• [WHAT NEEDS TO BE DONE]: Please retype the listing below exactly as it stands, skipping any pictures.

• [DATA]:
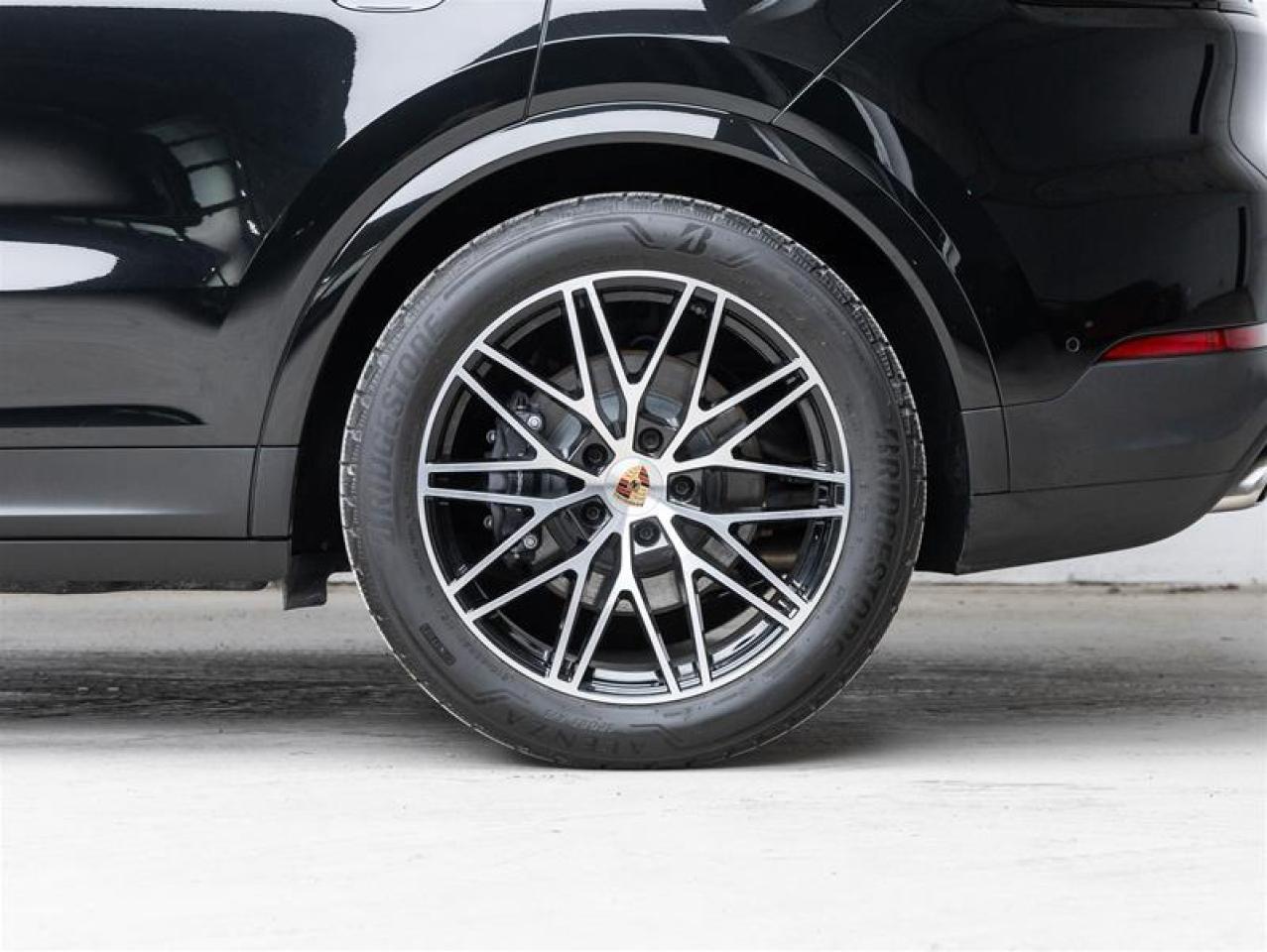 2025 Porsche Cayenne  Photo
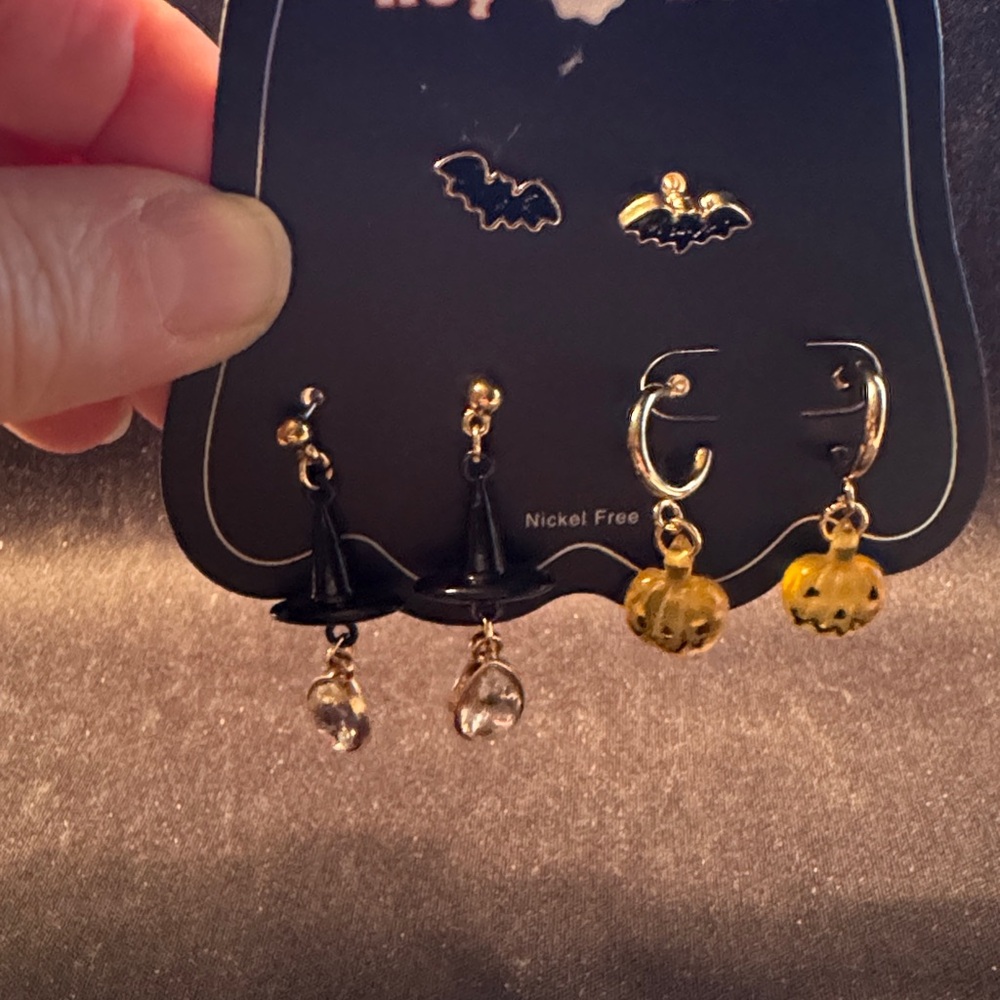 Hey Boo Halloween Earrings Set - Picture 2 of 2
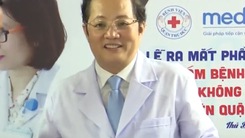 Video: Bắt giám đốc Bệnh viện TP Thủ Đức Nguyễn Minh Quân, liên quan sai phạm về đấu thầu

• [FINISHED TASK]:
 2025 Porsche Cayenne  Photo
 Hey Boo Halloween Earrings Set - Picture 2 of 2
 Video: Bắt giám đốc Bệnh viện TP Thủ Đức Nguyễn Minh Quân, liên quan sai phạm về đấu thầu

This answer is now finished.